These are some notes from Augustine’s treatise Baptism and the Forgiveness of Sins. Once you get passed the grim assertions that unbaptized babies aren’t saved (which guaranteed that the Catholic church would come up with theories of Limbo), there are some important points on concupiscence.
- Infants are born with concupiscence (II.4).
- God works…
- God works our salvation in us, but not in the manner of external working on stones (II.6).
- Regeneration: Augustine says the term doesn’t have a univocal sense. When we speak of “baptismal regeneration” we don’t mean the same thing as “regeneration of the Spirit” (II.9).
- Perfection: A Relative term (II.18).
- I can be perfect in one sense (as a scholar) but imperfect in another (giving wisdom).
- Does God command the impossible? Sort of.
- This is how God measures righteousness to himself.
- Why does man not live without sin?
- Because of both ignorance and unwilling.
- First movement of the will is a desire for power, disobedience through pride (II.33).

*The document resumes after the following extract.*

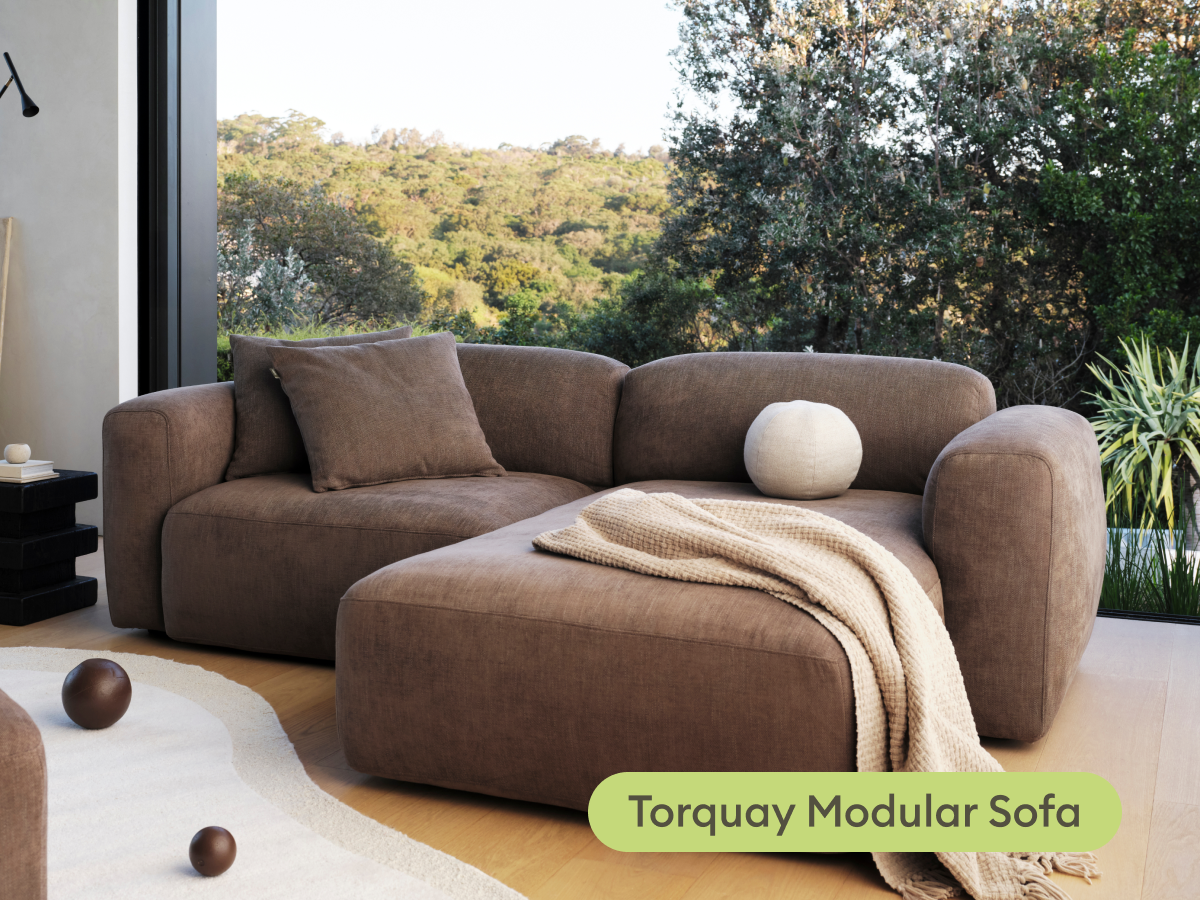 Koala Torquay Modular Sofa in taupe with ottoman and throw in living room with bushland view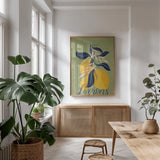 Lemons I Green by Becky Thorns. shown as a print in a natural wood frame in a dining room. Available as a archival giclee rolled canvas, fine art paper, or poster print. SKU 64704h.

- Man did not have concupiscence before the fall (II.36).
- This is the law of sin in my members (pudenda).
- primal righteousness: my members did not fight against the law of sin
- Old carnal nature = law of sin (II.45).
- Concupiscence remains even if the guilt is gone.
- If there is the “likeness of sinful flesh” then there must be the reality of sinful flesh (II.58).